■ **Task requirements**: Look through the listing below and write out exactly the lines from the line with "Hello, it's Heather" to the line with "Now we're moving", both included, and no others.

■ **Records for the exercise**:
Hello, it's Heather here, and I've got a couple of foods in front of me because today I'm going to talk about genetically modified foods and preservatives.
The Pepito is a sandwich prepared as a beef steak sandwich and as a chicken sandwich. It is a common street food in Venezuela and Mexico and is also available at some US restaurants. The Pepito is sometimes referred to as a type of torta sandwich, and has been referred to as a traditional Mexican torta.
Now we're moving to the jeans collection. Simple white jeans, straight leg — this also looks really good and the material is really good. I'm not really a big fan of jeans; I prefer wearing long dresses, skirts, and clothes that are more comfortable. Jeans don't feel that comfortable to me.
---
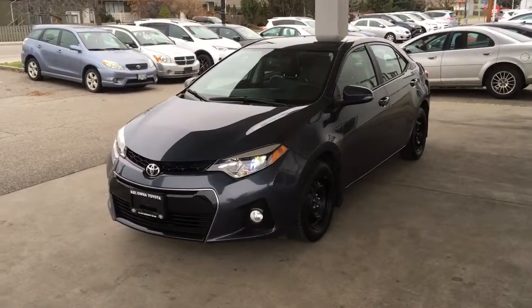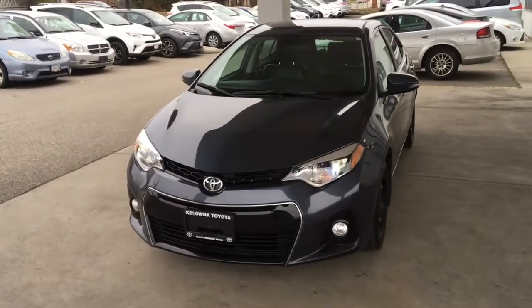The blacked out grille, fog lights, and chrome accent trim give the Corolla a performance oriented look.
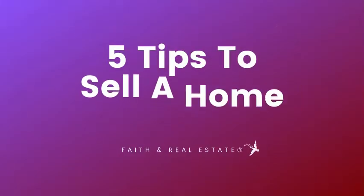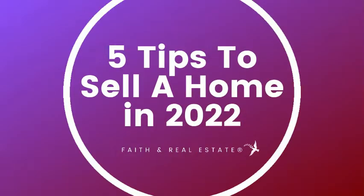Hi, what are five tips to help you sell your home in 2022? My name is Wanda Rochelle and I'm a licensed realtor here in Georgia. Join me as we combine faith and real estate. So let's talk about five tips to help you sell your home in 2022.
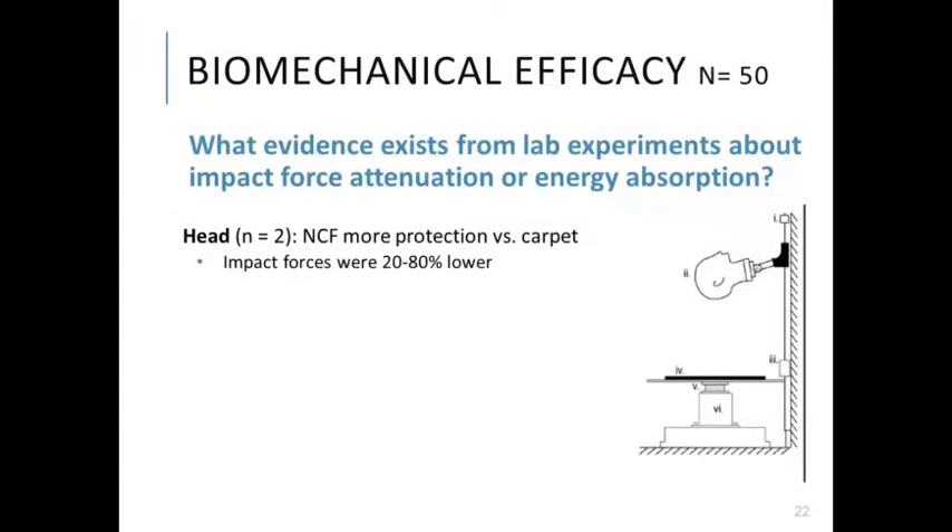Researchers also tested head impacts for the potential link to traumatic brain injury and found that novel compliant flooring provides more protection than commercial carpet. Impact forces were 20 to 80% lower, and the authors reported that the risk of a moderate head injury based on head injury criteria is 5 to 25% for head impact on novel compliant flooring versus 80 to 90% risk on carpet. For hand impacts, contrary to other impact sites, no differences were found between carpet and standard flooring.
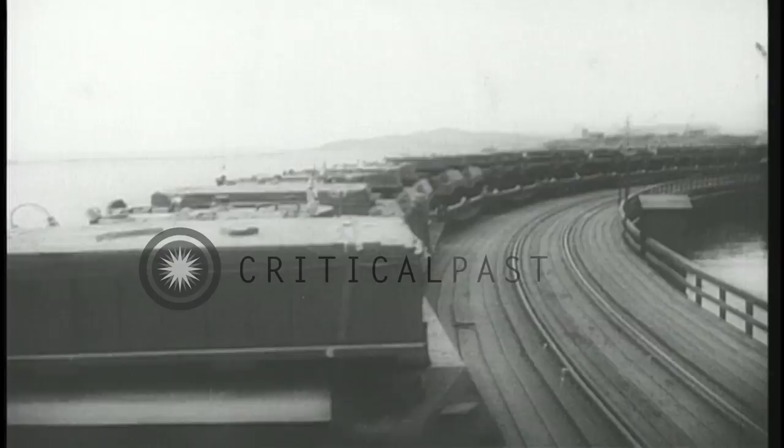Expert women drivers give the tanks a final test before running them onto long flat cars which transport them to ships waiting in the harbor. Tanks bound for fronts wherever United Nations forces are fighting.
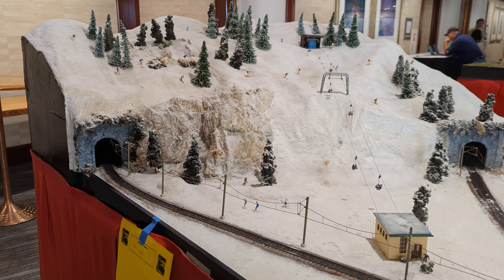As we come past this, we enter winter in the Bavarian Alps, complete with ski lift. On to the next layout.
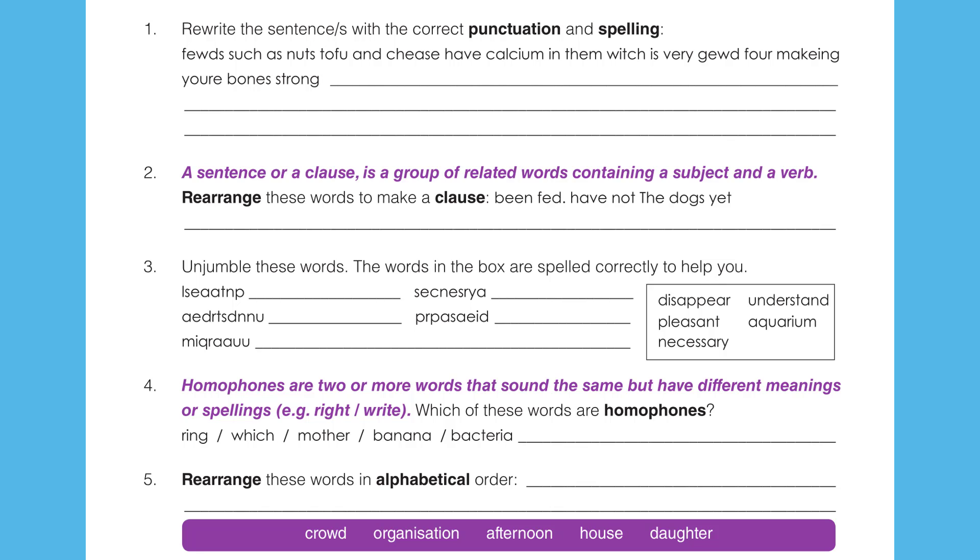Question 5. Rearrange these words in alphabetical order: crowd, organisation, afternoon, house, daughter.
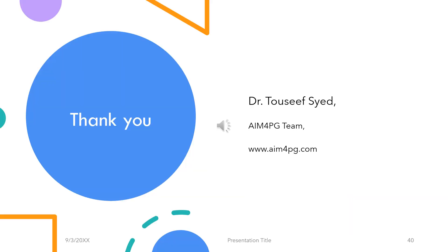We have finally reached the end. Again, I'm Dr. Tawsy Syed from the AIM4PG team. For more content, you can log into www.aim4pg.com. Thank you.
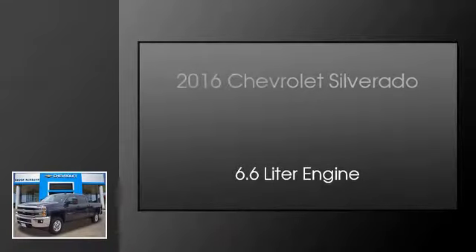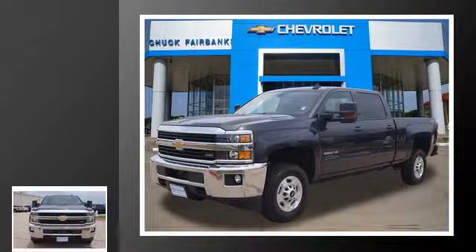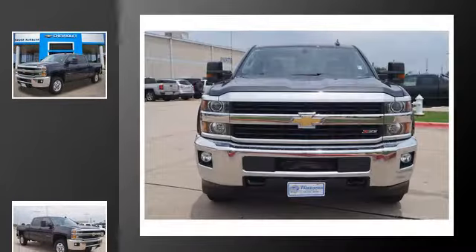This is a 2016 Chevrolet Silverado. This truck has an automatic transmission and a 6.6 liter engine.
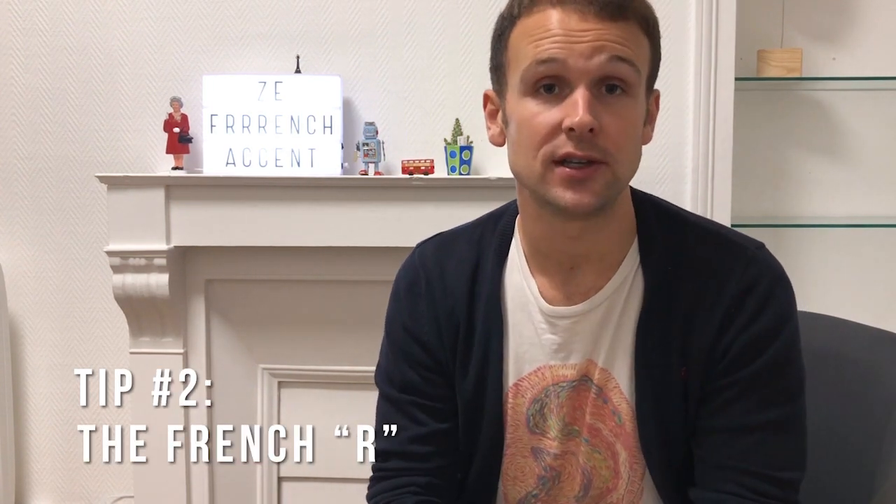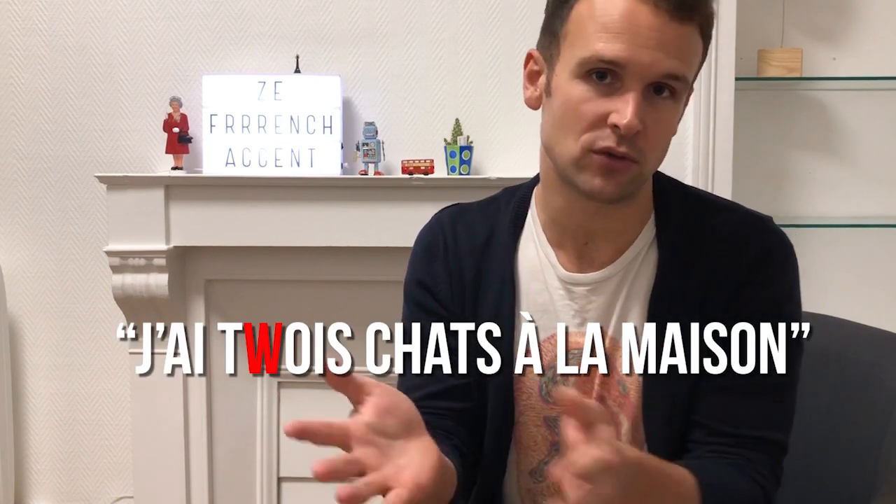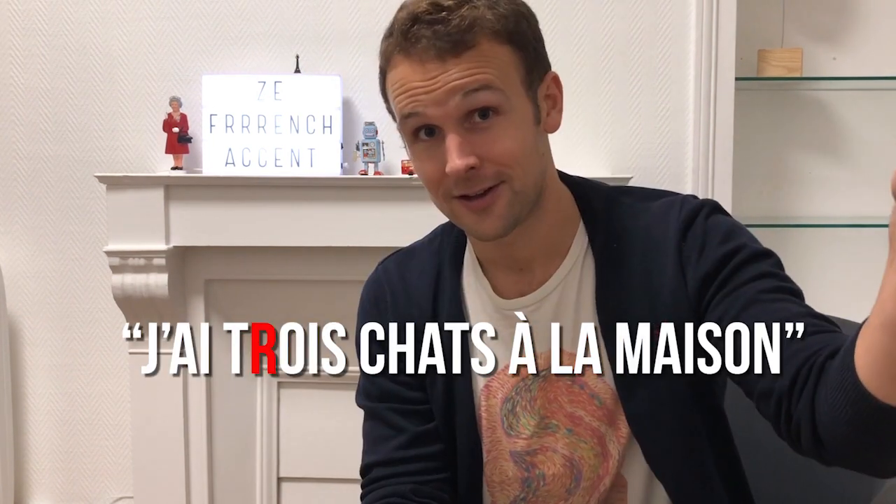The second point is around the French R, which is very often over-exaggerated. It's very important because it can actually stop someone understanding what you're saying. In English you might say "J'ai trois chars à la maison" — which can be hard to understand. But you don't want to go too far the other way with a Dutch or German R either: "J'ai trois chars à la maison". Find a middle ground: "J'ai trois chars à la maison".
---
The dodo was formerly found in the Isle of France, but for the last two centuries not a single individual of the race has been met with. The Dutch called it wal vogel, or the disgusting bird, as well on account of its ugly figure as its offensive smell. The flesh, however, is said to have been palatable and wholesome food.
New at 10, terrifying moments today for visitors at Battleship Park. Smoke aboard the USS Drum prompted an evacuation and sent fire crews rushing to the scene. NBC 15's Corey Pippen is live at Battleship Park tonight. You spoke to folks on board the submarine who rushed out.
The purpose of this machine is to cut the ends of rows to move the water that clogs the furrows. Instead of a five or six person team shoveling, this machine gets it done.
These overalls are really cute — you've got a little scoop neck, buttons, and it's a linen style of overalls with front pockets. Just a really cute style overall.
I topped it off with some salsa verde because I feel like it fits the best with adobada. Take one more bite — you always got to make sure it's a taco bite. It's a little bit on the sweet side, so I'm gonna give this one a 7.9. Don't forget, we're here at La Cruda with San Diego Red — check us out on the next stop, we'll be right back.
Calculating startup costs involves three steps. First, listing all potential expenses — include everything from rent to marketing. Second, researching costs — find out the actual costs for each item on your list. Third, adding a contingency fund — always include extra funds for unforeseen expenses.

■ **Solved exercise**:
Hello, it's Heather here, and I've got a couple of foods in front of me because today I'm going to talk about genetically modified foods and preservatives.
The Pepito is a sandwich prepared as a beef steak sandwich and as a chicken sandwich. It is a common street food in Venezuela and Mexico and is also available at some US restaurants. The Pepito is sometimes referred to as a type of torta sandwich, and has been referred to as a traditional Mexican torta.
Now we're moving to the jeans collection. Simple white jeans, straight leg — this also looks really good and the material is really good. I'm not really a big fan of jeans; I prefer wearing long dresses, skirts, and clothes that are more comfortable. Jeans don't feel that comfortable to me.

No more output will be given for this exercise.